Spese di rappresentanza degli enti locali e responsabilità dell’economo: criteri di ammissibilità (Corte dei Conti Sez. giur. Sicilia n. 317 del 07.10.2024)
Principi di diritto (Massima)
Le spese di rappresentanza degli enti locali, in assenza di una disciplina generale che le definisca, si individuano in quelle fondate sull’esigenza dell’ente di manifestarsi all’esterno e di intrattenere pubbliche relazioni con soggetti estranei in rapporto ai propri fini istituzionali. Esse devono essere finalizzate ad accrescere il prestigio e la visibilità dell’istituzione, essere predeterminate nei criteri, improntate a sobrietà e analiticamente documentate. Gli acquisti di acqua minerale, generi alimentari e beni di consumo corrente, disposti su richieste generiche e destinati a uso interno degli uffici, non integrano la categoria e non possono essere posti a carico del fondo economale. Il provveditore-economo che li autorizzi, senza verificarne l’inerenza al regolamento, risponde a titolo di colpa grave, non essendo scusato dalla provenienza delle richieste da un ufficio sovraordinato, poiché al capo di gabinetto non competono poteri di spesa.
Il Fatto
La vicenda trae origine dalla relazione istruttoria del magistrato dei conti, che ha ritenuto parzialmente irregolari le gestioni economali rese dall’agente contabile incaricato del servizio di economato presso il gabinetto del sindaco di un comune per gli esercizi finanziari 2010, 2011, 2012 e 2013. I conti giudiziali erano stati depositati solo a seguito di un precedente giudizio di resa di conto, concluso con nomina di un commissario ad acta.
Il magistrato istruttore ha contestato, in particolare, l’addebito di euro 2.308,46, oltre interessi, corrispondente alle spese non ritenute discaricabili. Il contabile si è costituito eccependo di aver agito quale semplice esecutore di ordini impartiti da un ufficio sovraordinato e invocando l’assenza di parametri regolamentari sulle spese di rappresentanza. La Procura regionale ha concluso per la condanna.
La Motivazione della Corte
Il Collegio affronta anzitutto l’eccezione difensiva sulla pretesa assenza di discrezionalità. La qualifica di agente contabile era già stata accertata nel precedente giudizio, dove si è precisato che al provveditore erano affidati la gestione del fondo cassa per le spese minute e urgenti, la gestione dei buoni pasto e delle anticipazioni. Non è quindi sostenibile che egli operasse come mero esecutore materiale.

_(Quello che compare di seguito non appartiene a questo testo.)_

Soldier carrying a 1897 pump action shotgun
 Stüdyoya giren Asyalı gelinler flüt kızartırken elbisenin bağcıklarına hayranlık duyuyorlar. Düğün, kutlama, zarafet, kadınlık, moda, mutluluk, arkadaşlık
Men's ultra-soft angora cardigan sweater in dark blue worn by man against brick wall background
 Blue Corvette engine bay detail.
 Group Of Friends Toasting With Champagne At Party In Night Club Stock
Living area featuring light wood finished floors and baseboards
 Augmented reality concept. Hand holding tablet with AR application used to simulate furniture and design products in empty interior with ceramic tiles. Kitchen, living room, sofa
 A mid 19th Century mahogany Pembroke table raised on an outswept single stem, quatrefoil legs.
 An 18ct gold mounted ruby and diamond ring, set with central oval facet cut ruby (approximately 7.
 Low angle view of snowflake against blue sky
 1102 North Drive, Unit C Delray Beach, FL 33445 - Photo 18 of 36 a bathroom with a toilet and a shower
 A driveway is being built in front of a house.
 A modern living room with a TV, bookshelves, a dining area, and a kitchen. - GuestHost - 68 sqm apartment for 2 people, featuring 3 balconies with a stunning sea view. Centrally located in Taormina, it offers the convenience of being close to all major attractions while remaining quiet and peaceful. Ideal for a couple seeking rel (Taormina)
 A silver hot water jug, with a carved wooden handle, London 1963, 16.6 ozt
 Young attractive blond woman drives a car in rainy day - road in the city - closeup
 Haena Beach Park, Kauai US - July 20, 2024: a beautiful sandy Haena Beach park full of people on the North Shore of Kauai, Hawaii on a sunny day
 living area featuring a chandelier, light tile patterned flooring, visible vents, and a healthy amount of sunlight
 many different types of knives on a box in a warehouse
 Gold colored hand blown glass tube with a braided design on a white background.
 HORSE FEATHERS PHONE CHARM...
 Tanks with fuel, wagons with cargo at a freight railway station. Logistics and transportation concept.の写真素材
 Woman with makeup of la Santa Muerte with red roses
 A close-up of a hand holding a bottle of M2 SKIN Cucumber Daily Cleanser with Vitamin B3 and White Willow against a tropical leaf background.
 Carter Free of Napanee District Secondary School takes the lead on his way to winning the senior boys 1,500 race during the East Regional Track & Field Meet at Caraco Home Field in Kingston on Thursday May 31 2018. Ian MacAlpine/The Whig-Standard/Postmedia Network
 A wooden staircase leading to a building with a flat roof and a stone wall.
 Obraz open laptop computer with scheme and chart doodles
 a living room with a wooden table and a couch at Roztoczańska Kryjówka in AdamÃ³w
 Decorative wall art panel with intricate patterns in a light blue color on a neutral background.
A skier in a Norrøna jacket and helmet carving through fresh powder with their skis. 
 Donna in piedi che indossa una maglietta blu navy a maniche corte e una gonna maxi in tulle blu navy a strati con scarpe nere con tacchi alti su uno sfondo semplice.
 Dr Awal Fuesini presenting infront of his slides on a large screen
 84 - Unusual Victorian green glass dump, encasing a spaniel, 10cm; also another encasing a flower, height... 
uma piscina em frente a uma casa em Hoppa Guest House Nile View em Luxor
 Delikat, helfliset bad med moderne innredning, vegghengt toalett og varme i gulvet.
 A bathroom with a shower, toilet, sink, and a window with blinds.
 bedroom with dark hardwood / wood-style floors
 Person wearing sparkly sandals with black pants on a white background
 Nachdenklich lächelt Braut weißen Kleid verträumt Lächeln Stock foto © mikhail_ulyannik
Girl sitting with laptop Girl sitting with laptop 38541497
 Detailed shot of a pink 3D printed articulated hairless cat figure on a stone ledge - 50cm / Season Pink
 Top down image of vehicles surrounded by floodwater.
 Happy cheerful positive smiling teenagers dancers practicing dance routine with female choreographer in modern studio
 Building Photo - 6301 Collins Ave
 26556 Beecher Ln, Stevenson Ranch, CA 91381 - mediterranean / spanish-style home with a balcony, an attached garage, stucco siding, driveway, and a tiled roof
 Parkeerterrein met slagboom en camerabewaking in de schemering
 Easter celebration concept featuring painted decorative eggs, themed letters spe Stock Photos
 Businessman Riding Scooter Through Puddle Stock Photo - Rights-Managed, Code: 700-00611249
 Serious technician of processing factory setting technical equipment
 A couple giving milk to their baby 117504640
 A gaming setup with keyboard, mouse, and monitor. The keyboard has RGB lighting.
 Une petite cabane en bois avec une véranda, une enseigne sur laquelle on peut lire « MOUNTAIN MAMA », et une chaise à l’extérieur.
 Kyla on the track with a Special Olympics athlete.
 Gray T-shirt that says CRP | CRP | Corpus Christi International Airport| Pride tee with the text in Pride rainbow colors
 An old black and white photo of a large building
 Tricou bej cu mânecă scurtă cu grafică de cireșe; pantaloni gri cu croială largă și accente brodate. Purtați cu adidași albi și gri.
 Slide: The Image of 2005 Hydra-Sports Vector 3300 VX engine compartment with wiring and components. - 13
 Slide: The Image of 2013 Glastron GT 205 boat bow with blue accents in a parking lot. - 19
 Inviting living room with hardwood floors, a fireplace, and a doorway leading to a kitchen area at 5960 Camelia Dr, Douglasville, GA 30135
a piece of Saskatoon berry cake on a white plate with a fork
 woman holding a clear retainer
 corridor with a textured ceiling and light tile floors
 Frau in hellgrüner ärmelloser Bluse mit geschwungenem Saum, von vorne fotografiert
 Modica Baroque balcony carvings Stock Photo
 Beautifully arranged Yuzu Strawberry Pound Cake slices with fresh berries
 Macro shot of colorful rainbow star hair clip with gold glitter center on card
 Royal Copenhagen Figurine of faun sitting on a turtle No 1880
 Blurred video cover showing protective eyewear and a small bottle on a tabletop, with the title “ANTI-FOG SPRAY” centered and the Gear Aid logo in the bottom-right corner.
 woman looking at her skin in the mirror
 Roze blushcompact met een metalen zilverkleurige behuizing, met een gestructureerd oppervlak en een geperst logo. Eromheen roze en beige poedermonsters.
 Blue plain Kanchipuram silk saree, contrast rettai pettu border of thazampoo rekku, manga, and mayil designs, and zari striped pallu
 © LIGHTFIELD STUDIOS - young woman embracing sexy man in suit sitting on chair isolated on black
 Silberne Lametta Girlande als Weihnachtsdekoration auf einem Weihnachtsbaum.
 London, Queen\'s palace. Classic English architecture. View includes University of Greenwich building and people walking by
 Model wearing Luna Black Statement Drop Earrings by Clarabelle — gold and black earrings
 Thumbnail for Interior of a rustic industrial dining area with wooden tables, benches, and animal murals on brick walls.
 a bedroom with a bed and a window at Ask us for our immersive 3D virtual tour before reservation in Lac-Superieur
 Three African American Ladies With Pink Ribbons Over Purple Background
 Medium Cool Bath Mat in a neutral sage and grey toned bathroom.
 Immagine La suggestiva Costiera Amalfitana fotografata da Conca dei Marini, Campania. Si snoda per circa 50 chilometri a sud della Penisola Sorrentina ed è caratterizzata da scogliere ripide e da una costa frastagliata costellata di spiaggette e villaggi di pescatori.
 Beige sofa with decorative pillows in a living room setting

Nel merito, la Corte ricorda che il comune non aveva adottato alcun regolamento sulle spese di rappresentanza. In assenza di una normativa generale, i criteri sono ricavati dalla giurisprudenza contabile: la spesa deve avere uno stretto legame con i fini istituzionali, rispondere alla proiezione esterna dell’ente, essere correlata al risultato perseguito, improntata a sobrietà e analiticamente giustificata, con indicazione delle finalità, del destinatario e della misura.
Applicando tali parametri, il Collegio esamina le singole annualità. Le spese per acqua minerale in grandi quantità, generi alimentari, casalinghi e bicchieri di plastica, richieste con formule generiche, sono risultate destinate al consumo interno degli uffici e non a interlocutori esterni qualificati. Anche i rimborsi per caffè offerti in occasione di visite istituzionali attengono a rapporti di cortesia o ospitalità e devono gravare su fondi privati. Vengono invece riconosciute, con parziale discarico, le spese per una trasferta specificamente individuata e per una riunione con i sindaci dell’area metropolitana espressamente documentata.
Sul piano soggettivo, la Corte esclude che la condotta sia esente da colpa grave. Il provveditore aveva l’onere di verificare che il procedimento a monte del pagamento fosse regolarmente finalizzato e sorretto da idonea documentazione, accertando che la spesa rientrasse tra quelle consentite. Nel rispetto della separazione tra indirizzo e gestione, ai capi di gabinetto non competono poteri di spesa, e la mera provenienza della richiesta da tale ufficio non rende per ciò solo legittima la spesa.
Il Collegio dichiara pertanto l’irregolarità dei conti e condanna il contabile al pagamento, in favore del comune, di euro 2.100,46, oltre interessi legali dalla data di ciascun esborso irregolare e fino al soddisfo, con condanna alle spese di giudizio.